ACTIVITY: Every entry is to be returned as it stands, apart from the pictures.

---*---

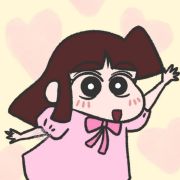 仙姬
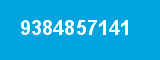 9384857141 9384857141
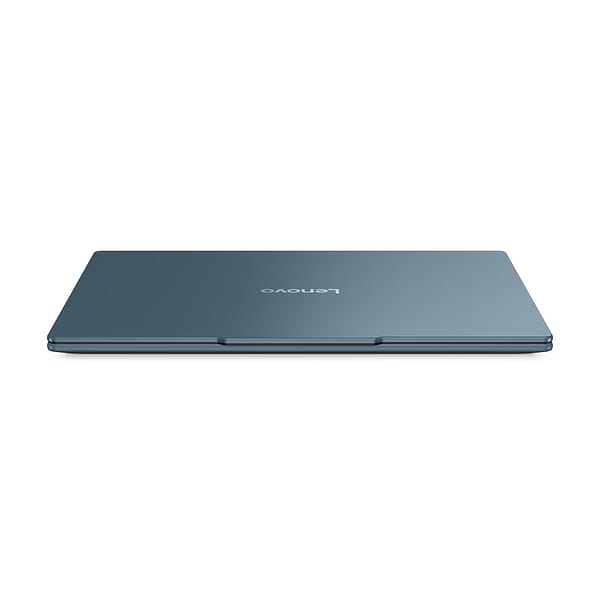 Фото - Ноутбук Lenovo Yoga Pro 7 14ASP10 (83LX0012RA) Tidal Teal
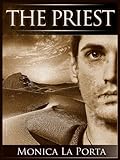 Image de The Priest (The Ginecean Chronicles Book 1) (English Edition)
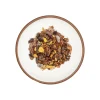 Infuso Gingercacao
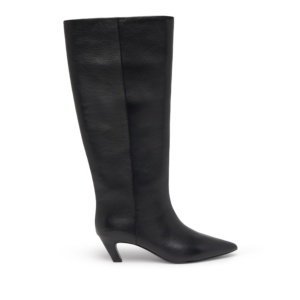 VIOLET Spalla Black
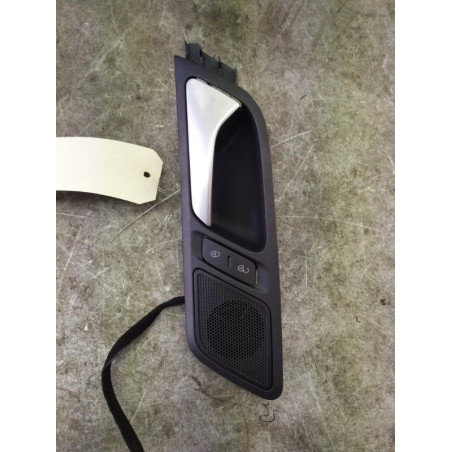 Poignee interieur avant gauche VOLKSWAGEN SHARAN 2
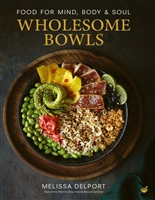 Wholesome Bowls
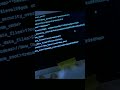 website hacking 2 website hacking tools burpsuite Zap Proxy web application hacking tools #shorts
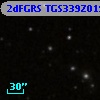 2dFGRS TGS339Z019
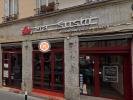 For sale Commercial office Lyon-4eme-arrondissement  108 m2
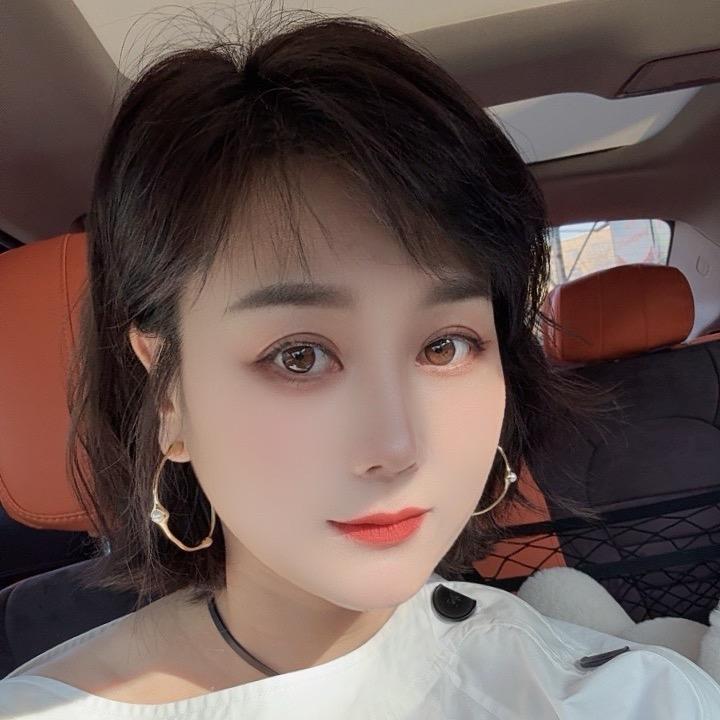 💓心動❤️女嘉宾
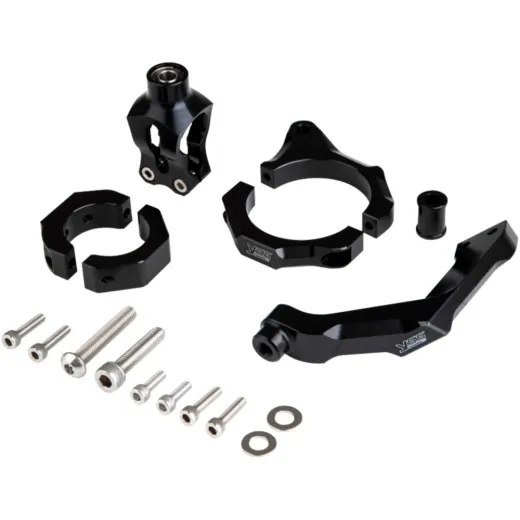 MOUNTING KIT YSS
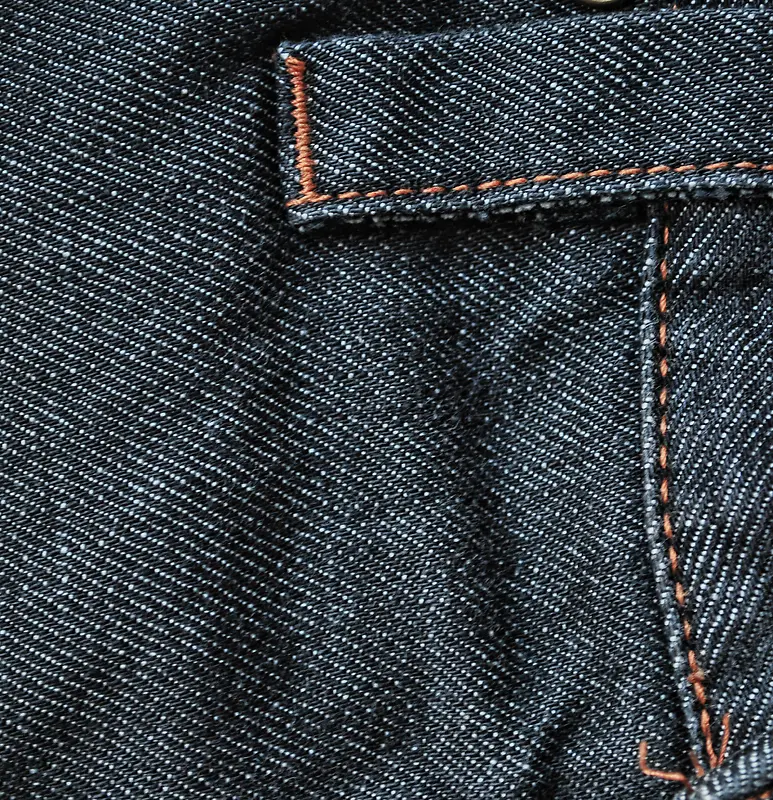 ţ�п㲼�Ʊ���-������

---*---

OUTPUT BELOW:
 仙姬
 9384857141 9384857141
 Фото - Ноутбук Lenovo Yoga Pro 7 14ASP10 (83LX0012RA) Tidal Teal
 Image de The Priest (The Ginecean Chronicles Book 1) (English Edition)
 Infuso Gingercacao
 VIOLET Spalla Black
 Poignee interieur avant gauche VOLKSWAGEN SHARAN 2
 Wholesome Bowls
 website hacking 2 website hacking tools burpsuite Zap Proxy web application hacking tools #shorts
 2dFGRS TGS339Z019
 For sale Commercial office Lyon-4eme-arrondissement  108 m2
 💓心動❤️女嘉宾
 MOUNTING KIT YSS
 ţ�п㲼�Ʊ���-������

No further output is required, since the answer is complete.